Plus tôt dans la journée, Donald Trump avait déjà jugé que la procédure d’ »impeachment » sur le point d’être lancée contre lui par les démocrates était « totalement ridicule » et provoquait « une immense colère » chez ses partisans, lors d’une de ses rares prises de parole depuis les violences au Capitole.

« C’est la poursuite de la plus grande chasse aux sorcières de l’Histoire, a déclaré le président américain, qui est sous le coup d’une deuxième procédure de destitution historique, dont l’acte d’accusation sera examiné ce mercredi par la Chambre des représentants. « Je ne veux pas de violence », a-t-il ajouté.

« Une erreur catastrophique » des réseaux sociaux
Trump a également jugé que son discours la semaine dernière devant ses partisans avant l’assaut du Capitole était « tout à fait convenable ». Le locataire de la Maison Blanche, qui quittera le pouvoir dans huit jours, a par ailleurs estimé que les réseaux sociaux tels que Twitter qui ont suspendu son compte faisaient « une erreur catastrophique ».

Il a rencontré lundi soir son vice-président Mike Pence qui a, semble-t-il, décidé de faire – pour l’heure – front commun avec lui face aux démocrates, rejetant les appels à le démettre de ses fonctions avec le 25e amendement de la Constitution.

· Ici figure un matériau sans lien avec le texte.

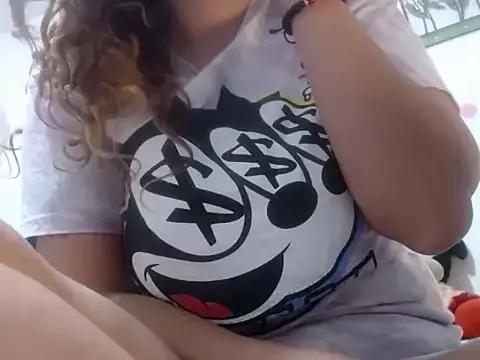 sany_gomez from StripChat is Freechat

Soutenu par un vaste nombre de démocrates, et avec le soutien possible de républicains, l’acte d’accusation visant Donald Trump devrait être facilement adopté mercredi. Ce vote marquera l’ouverture formelle de la deuxième procédure de destitution contre le président américain.

« L’Amérique en danger »
Mais le doute demeure sur le déroulement, et l’issue, du procès qui devra ensuite avoir lieu au Sénat, aujourd’hui à majorité républicaine. Les démocrates prendront le contrôle de la chambre haute le 20 janvier mais auront besoin du ralliement de nombreux républicains pour atteindre la majorité des deux tiers nécessaire à sa condamnation. Un procès risquerait en outre d’entraver l’action législative des démocrates au début de la présidence Biden, en monopolisant les séances au Sénat.

En parallèle, les démocrates veulent approuver mardi soir une résolution appelant le vice-président Mike Pence à démettre le président de ses fonctions. Tant qu’ils ne l’écarteront pas du pouvoir, la « complicité » des républicains avec Donald Trump, mettra « en danger l’Amérique », a tonné lundi la puissante présidente démocrate de la Chambre Nancy Pelosi.

Le président élu Joe Biden prêtera lui serment sous haute garde le 20 janvier, justement sur les marches du Capitole, siège du Congrès américain. Critiqué pour avoir tardé, mercredi dernier, à envoyer la Garde nationale, le Pentagone a cette fois autorisé le déploiement de 15.000 soldats pour la cérémonie d’investiture. « Je n’ai pas peur » malgré les risques de nouvelles manifestations pro-Trump, a déclaré le démocrate lundi.